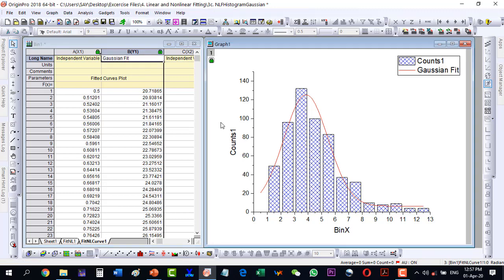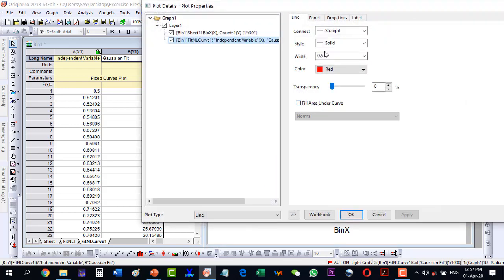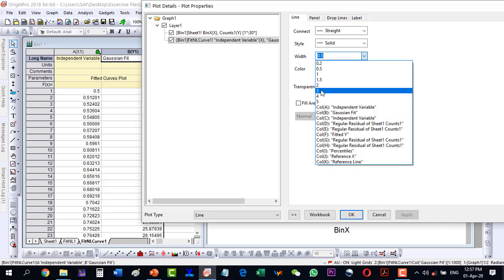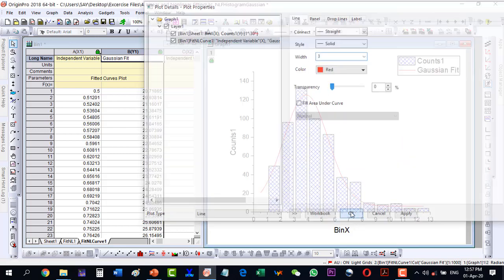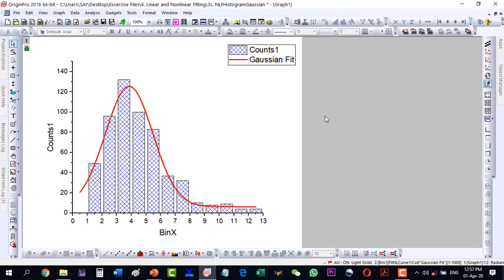Here I just click the Gaussian fit and the data is like this. So just change this one a little bit - the width of it. Let's say it is three and we are having the fit like this. So we can fit a bar graph as well with a Gaussian fit.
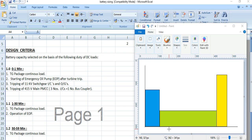In the previous video, I discussed the basic design inputs — the basic data before starting the battery sizing calculation. In this video, I will discuss the next step, which is the design criteria based on the DC loads.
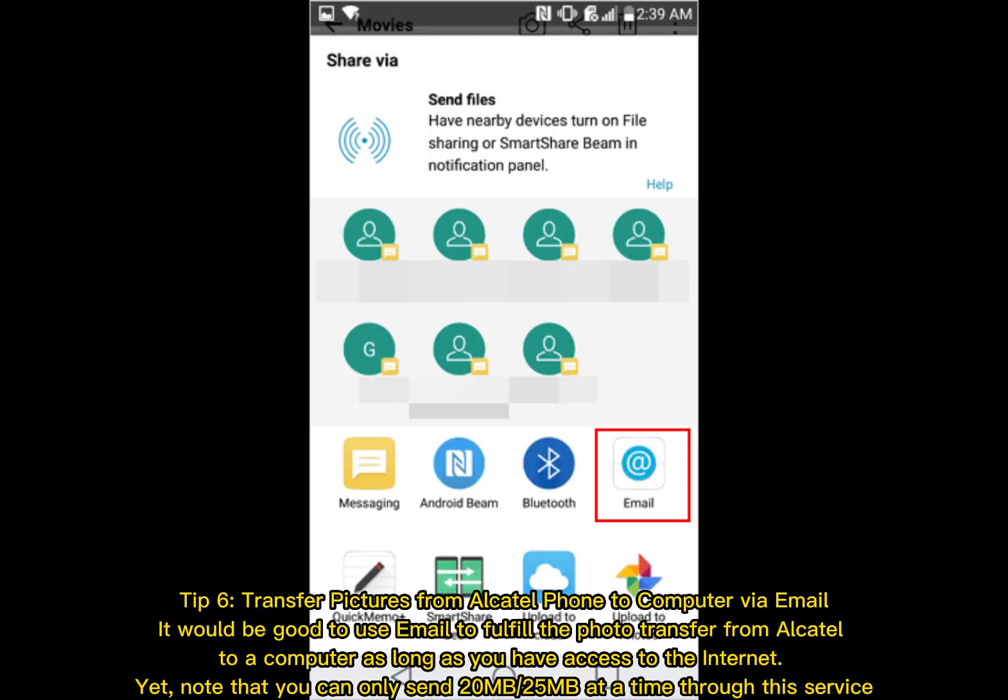Tip 6: Transfer pictures from Alcatel phone to computer via email. It would be good to use email to fulfill the photo transfer from Alcatel to a computer as long as you have access to the internet. Yet, note that you can only send 20M-25M at a time through this service.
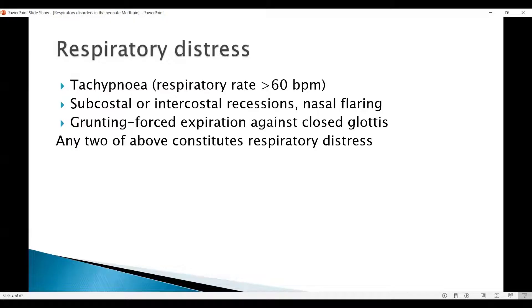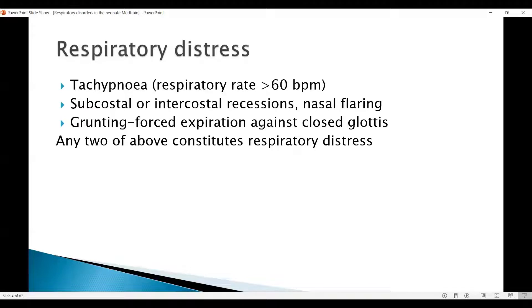How do we define respiratory distress? Normally it's a combination of two or more signs: respiratory rate being more than 60 — in other words, tachypnea — subcostal or intercostal retractions, and accessory muscles of respiration working, which we see as nasal flaring. When there is lung disease, it drags the chest wall in, and that's what we see as retractions.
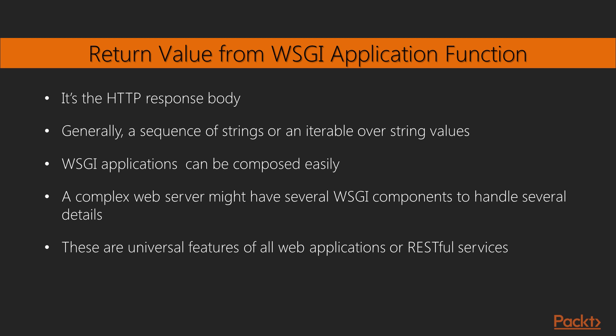Since all WSGI applications are callable functions, they can be composed easily. A complex web server might have several WSGI components to handle details of authentication, authorization, standard headers, audit logging, performance monitoring, and so on. These aspects are generally independent of the underlying content. They are universal features of all web applications or RESTful services.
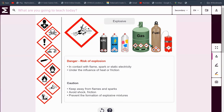These kinds of things are explosive. They have a risk of blowing up. They might blow up in contact with flames, spark or static electricity, or even under the influence of heat or friction. Keep these away from flames or sparks. Avoid dropping them or rubbing them on a carpet — that's bad. And prevent the formation of explosive mixtures, meaning don't mix these things up.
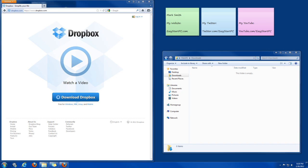Hello, this is Mark from EasyStartPC.com and today I'm going to show you how to download and install Dropbox.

==================================================

TASK DESCRIPTION → Exactly as they stand, write the lines from the one holding "These kinds of" to the end of the material, both ends included. Do not copy the pictures.

REPLY →
These kinds of things are explosive. They have a risk of blowing up. They might blow up in contact with flames, spark or static electricity, or even under the influence of heat or friction. Keep these away from flames or sparks. Avoid dropping them or rubbing them on a carpet — that's bad. And prevent the formation of explosive mixtures, meaning don't mix these things up.
Hello, this is Mark from EasyStartPC.com and today I'm going to show you how to download and install Dropbox.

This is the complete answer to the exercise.